We spend so much time talking about interactive media and social tools that sometimes it seems that we could put a bit more energy into the regular old Internet -- last I heard, people were still using it. One area in particular that I'm not quite sure we've figured out yet is the integration of print documents into web presences. As a caveat, this isn't about rearticulating a print publication for the web -- which I think we're doing some cool stuff with (video features, streaming media, graphic treatments, etc.).
Print to web
Take, for example, the tools available for viewing print publications via the web. As I said, I'm all for blowing out print publications and reinterpreting them for the web, but I believe that there is value to being able to view the publication as designed for its primary medium in full form. Unless a piece has been conceived from the beginning as being integrated (web/print), there is certainly a "primary" medium -- in this case I'm talking about print. So, in developing the piece a designer will take great care in placement of images, font treatments, balancing spreads and so on to maximize the reader's engagement with the content. We see some really artistic and creative interpretations of that same content for the web, but I do believe that it also makes sense to give folks the opportunity to experience that primary print design on the web. Unfortunately, I'm not convinced that we're getting the best look via a PDF document with page-flipping functionality. Readability, for example, still doesn't quite cut the mustard. We're using one of these services, Issuu, for some of our publications but I think there is still some headroom here. Maybe the iPad will be a game-changer, but that's not yet how the majority of readers are accessing these documents at this point.
Web to print
It also seems that we can be doing our designers, constituents and budgets a favor by rethinking the whole print to web paradigm, particularly for short-run documents that are frequently updated -- handbooks and catalogs for example.
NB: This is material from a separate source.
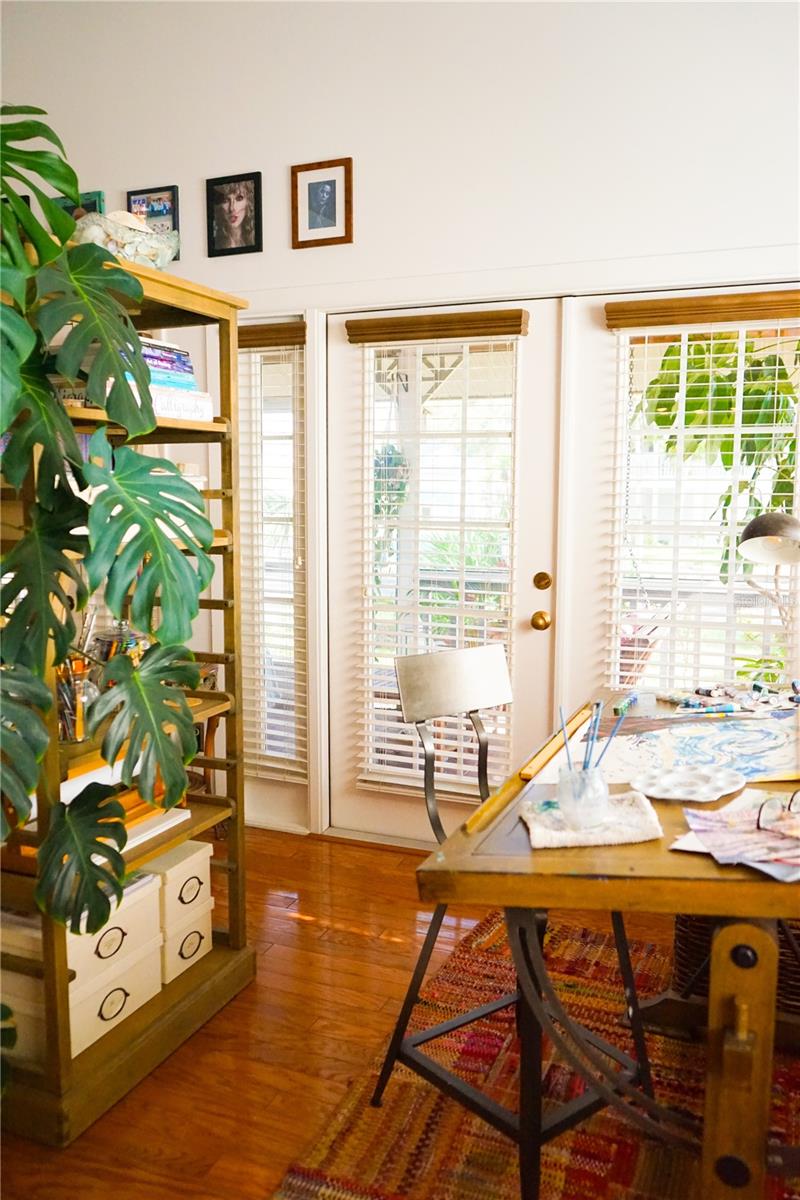 1505 43RD AVENUE DR W, PALMETTO, FL, 34221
Why design something in print that is then translated for the web and then updated on the web rendering the print document outdaed? This is particularly troublesome when the document is only going to be printed on very short runs. Not the best use of resources.
Why not flip the model and produce these documents as easy to use websites, the content of which can be printed on demand? Gettysburg College appears to be doing exactly that with their catalog. G'burg's Director of Web Communications and Electronic Media Paul Redfern says that their CMS handles the conversion from web to print, with only a small amount of programming time necessary to make the documents print-friendly.
This is a topic that is always evolving because the technology is always evolving. I think it's possible to slow things down a bit though, by thinking about how we are presenting the message to our various constituencies and how we are mobilizing resources to get it done.